We are interested in sculpture as a form of transformation — of material, of perception, and of human experience. Through monumental sculpture, installation, and spatial environments, our practice explores the relationship between the engineered and the organic, permanence and impermanence, monumentality and intimacy.
Working across bronze, stainless steel, stone, light, organic matter, and industrial materials, we create forms that blur distinctions between sculpture, architecture, artifact, and environment. Familiar materials are often transformed into perceptual contradictions: stone appears soft, metal becomes fluid, industrial forms feel biological, and monumental structures evoke vulnerability and emotional presence. Through this material ambiguity, we investigate how meaning is constructed physically, psychologically, and culturally.
As collaborative artists and partners in life, dialogue and tension are central to our process. The work emerges through an ongoing exchange of differing instincts, perspectives, and sensibilities. Rather than seeking resolution, we are interested in the friction between ideas — the way opposing approaches can generate forms neither of us would arrive at independently.
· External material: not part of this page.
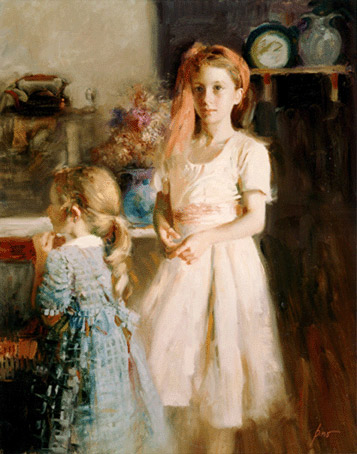 Best Friends, by Pino Daeni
Collaboration, for us, is not simply shared authorship, but the creation of a third creative language that exists beyond the individual.
We approach sculpture not as a static object, but as a spatial encounter. Scaled to engage the body directly, our works invite movement, reflection, interaction, and emotional participation. Through scale, reflection, texture, and light, the sculptures create shifting perceptual experiences that heighten awareness of the body in space and the viewer’s relationship to the surrounding environment.
Underlying the practice is an ongoing exploration of inherited memory, mythology, emotional architecture, and collective experience. We are drawn to forms that feel simultaneously ancient and futuristic, sacred and industrial, personal and archetypal. Referencing systems found in nature, ritual, erosion, growth, and human psychology, the works remain intentionally open-ended, allowing viewers to project their own narratives and associations onto the forms.
At the core of our practice is a desire to make intangible experiences physical — to give form to memory, tension, transformation, and becoming. We see sculpture as a threshold between the psychological and the physical, the intimate and the monumental, creating spaces that invite contemplation, ambiguity, and connection.